▶ _What the task requires_
Your answer should repeat exactly the lines from the one holding "Plus size 3 piece swimming suit" through the end of the data, and it should contain no pictures.

▶ _Data block_
>>

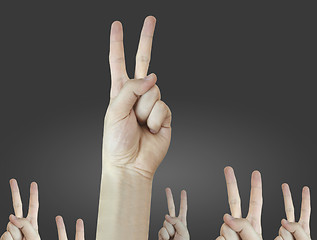 Image showing Hand sign.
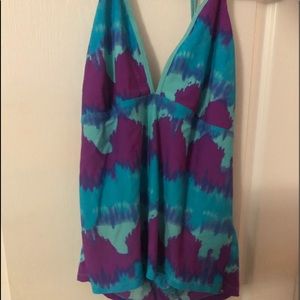 Plus size 3 piece swimming suit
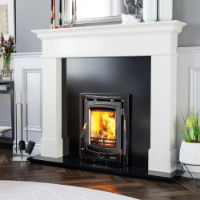 Achill 7kW Insert Enamel Black (Eco)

<<

▶ _Result_
 Plus size 3 piece swimming suit
 Achill 7kW Insert Enamel Black (Eco)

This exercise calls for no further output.